[DATA EXTRACT]
== Segment start ==

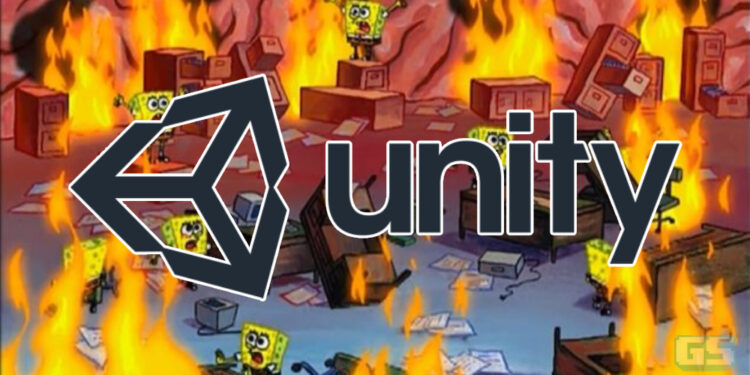 Penjelasan isu ‘Unity Runtime Fee’ – Mengapa Unity dituduh zalim oleh semua studio game?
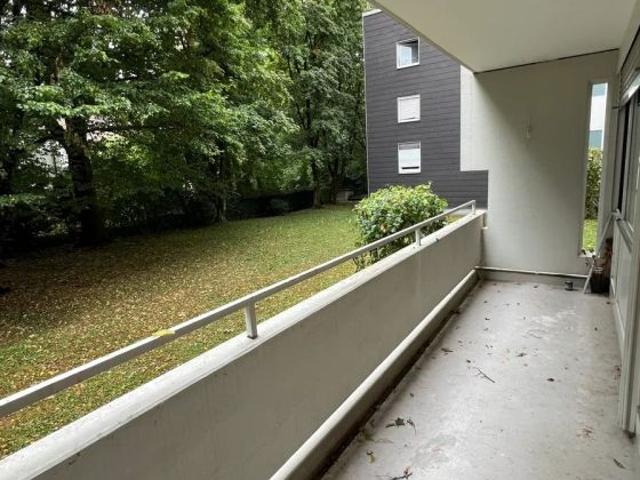 Zimmer mieten in Thalkirchen-Obersendling-Forstenried-Fürstenried-Solln, München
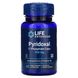 Вітамін В-6, пиридоксаль 5'-фосфат Life Extension (Pyridoxal 5'-phosphate) 100 мг 60 капсул фото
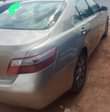 A picture of Super clean 2008 Camry muscle XLE untampered engine Smooth Gear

== Segment end ==

[TASK DIRECTIONS] Would you return the data exactly as written, without the pictures?

[REPLY]
 Penjelasan isu ‘Unity Runtime Fee’ – Mengapa Unity dituduh zalim oleh semua studio game?
 Zimmer mieten in Thalkirchen-Obersendling-Forstenried-Fürstenried-Solln, München
 Вітамін В-6, пиридоксаль 5'-фосфат Life Extension (Pyridoxal 5'-phosphate) 100 мг 60 капсул фото
 A picture of Super clean 2008 Camry muscle XLE untampered engine Smooth Gear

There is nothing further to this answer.